As with past and recurring deficits under the Bush administration, the financing of such a monumental deficit can only be achieved through monetization, inflation and exchange-rate depreciation. This will considerably widen external deficits and aggravate food and energy price inflation. . . .
Economic growth will without a doubt be curtailed by a considerable fall in savings and a significant decrease in real government and private expenditures; real government spending will diminish because most of the expenditures will consist of buying worthless financial papers at the expense of spending on social and economic programs. Rapid food and energy inflation will erode real incomes and reduce private spending in real terms, and contribute to rising unemployment, further aggravating already deteriorating trends in the unemployment rate.
CREDIT & LIQUIDITY ARE FINE
. . . contrary to Paulson's claim, credit is not frozen, the US banking system is still lending significantly to the economy, as clearly demonstrated by the Fed's data, with bank credit still expanding at a high rate of 9% per year as of July 2008. Certainly, banks have become more prudent, matching the maturities of their assets and liabilities better, and are no longer replaying the speculative mania that led to the present subprime loan meltdown. . . .
There is so far little hard evidence of systemic risk to US commercial banks at large (note large investment banks have disappeared). Only speculative loans face problems. Loans invested in real and economic-generating activities in agriculture, industry and commerce remain sound. The non-financial sector continues to have access to credit at low interest rates. . . .The Fed has injected massive liquidity since August 2007, put in place large lending facilities to banks and worked out large swap facilities with major central banks around the world to inject further liquidity. Banks do not the face the serious liquidity problems attributed to them, as inter-bank rates, including the federal funds rate, have not come under serious pressure.
Money supply has expanded at the very high rate of 16% in 2008. Bernanke's goal is to rid banks of mismatched maturities and acquire billions of worthless speculative paper for the state. While the amount of writedowns by banks have so far exceeded $500 billion, it would appear that Paulson and Bernanke do not want banks to incur any further losses and that all their worthless and speculative paper will be put on the backs of US taxpayers. . . .

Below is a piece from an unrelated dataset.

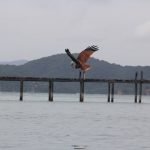 A Sneak Peek into Malaysia’s Top Bird Watching Destinations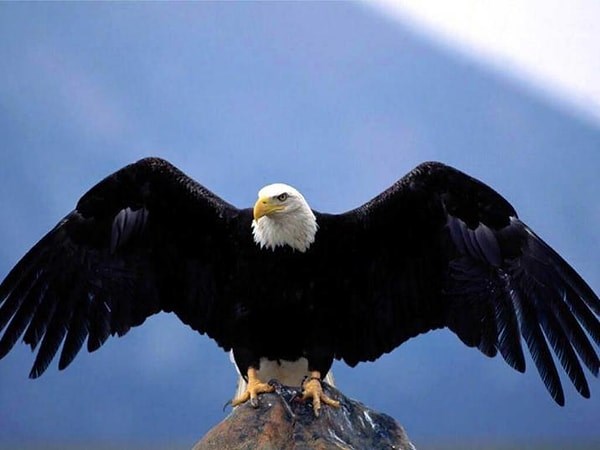 Hangi Beşiktaş Efsanesisin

THE WHOLE IDEA: GROW INEQUALITY
On the equity side, it is unacceptable that tax money be used to subsidize banks, more specifically the speculative component of bank practices that has no direct bearing on investment and growth. Besides increasing distributive injustice, such spending is non-productive and yields no social benefit to taxpayers and to the broader economy in the form of health, education and infrastructure.It is absurd to have the government (ultimately the taxpayer) pay for the speculative losses of banks and hedge funds. Had banks invested wisely in productive activities they would not have faced their current problems of frozen speculative assets. In the case of hedge funds it is even more galling in that their billionaire executives pay a lower tax rate than do their secretaries!

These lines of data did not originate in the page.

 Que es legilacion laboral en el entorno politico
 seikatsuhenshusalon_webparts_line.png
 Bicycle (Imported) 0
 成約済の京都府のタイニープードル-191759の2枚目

Again, the unbiased experts tell us (if we can find them) what's real and what is hype, and they tell us this smelly deal smells cuz it's rotten. So, the critical question now is whether the mainstream press and their 'Wall Street is The Economy' pundits have scared America into okaying the scam. Or will 'we the people' rise up again and demand that our representatives say no to historic and horrific theft?